Nonfiction November – Book Pairing

/ posted in: Reading

Week 2: (Nov. 4 to 8) –  Sarah’s Bookshelves is back to host – Book Pairing: This week, pair up a nonfiction book with a fiction title. It can be a “If you loved this book, read this!” or just two titles that you think would go well together. Maybe it’s a historical novel and you’d like to get the real history by reading a nonfiction version of the story.

 

If you loved:

“Set amid the civil rights movement, the never-before-told true story of NASA’s African-American female mathematicians who played a crucial role in America’s space program. Before Neil Armstrong walked on the moon, a group of professionals worked as ‘Human Computers’, calculating the flight paths that would enable these historic achievements. Among these were a coterie of bright, talented African-American women. Segregated from their white counterparts, these ‘coloured computers’ used pencil and paper to write the equations that would launch rockets and astronauts, into space. Moving from World War II through NASA’s golden age, touching on the civil rights era, the Space Race, the Cold War and the women’s rights movement, ‘Hidden Figures’ interweaves a rich history of mankind’s greatest adventure with the intimate stories of five courageous women whose work forever changed the world.”

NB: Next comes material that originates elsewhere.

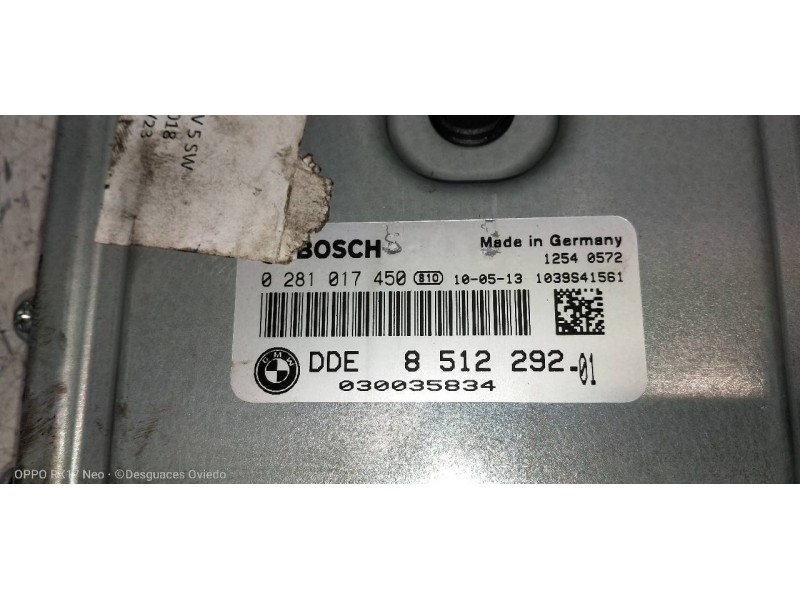 Recambio de centralita motor uce para bmw serie 3 touring (e91) 318d referencia OEM IAM 0281017450 DDW8512292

I think by this time most people are familiar with the story from either the book or the movie. (The book is totally better of course!) If you haven’t read it yet, you really should.

 

 

 

 

 

 

 

 

Then read this fiction series where the computers fight to go to space:

 

“On a cold spring night in 1952, a huge meteorite fell to earth and obliterated much of the east coast of the United States, including Washington D.C. The ensuing climate cataclysm will soon render the earth inhospitable for humanity, as the last such meteorite did for the dinosaurs. This looming threat calls for a radically accelerated effort to colonize space, and requires a much larger share of humanity to take part in the process.

Elma York’s experience as a WASP pilot and mathematician earns her a place in the International Aerospace Coalition’s attempts to put man on the moon, as a calculator. But with so many skilled and experienced women pilots and scientists involved with the program, it doesn’t take long before Elma begins to wonder why they can’t go into space, too.”

Elma is a Jewish woman who is just as qualified, if not more so, than the men who are signing up to become astronauts. She was a math prodigy who is assigned to work as a computer to do the calculations for space flight. She starts to push for the inclusion of women in the space program. They have to go if there are going to be colonies in space. This doesn’t sit well with some of the male powers-that-be.

Elma has her own blind spots too. One of the strengths of the series is that they are confronted. She routinely forgets about African-American female pilots who are also as qualified. She is pushed ahead of Asian and Latina pilots in order to project the image that the U.S. space program wants. The books do a good job of creating a world of the 1950s and 60s where necessity pushed technological advancement forward but racial and social justice stayed static.

“The Fated Sky continued the grand sweep of alternate history begun in The Calculating Stars. It is 1961, and the International Aerospace Coalition has established a colony on the moon. Elma York, the noted Lady Astronaut, is working on rotation, flying shuttles on the moon and returning regularly to Earth.
But humanity must get a foothold on Mars. The first exploratory mission is being planned, and none of the women astronauts is on the crew list. The international Aerospace Coalition has grave reservations about sending their “Lady Astronauts” on such a dangerous mission. The problem with that is the need for midjourney navigation calculations. The new electronic computation machines are not reliable and not easily programmed. It might be okay for a backup, but there will have to be a human computer on board. And all the computers are women.”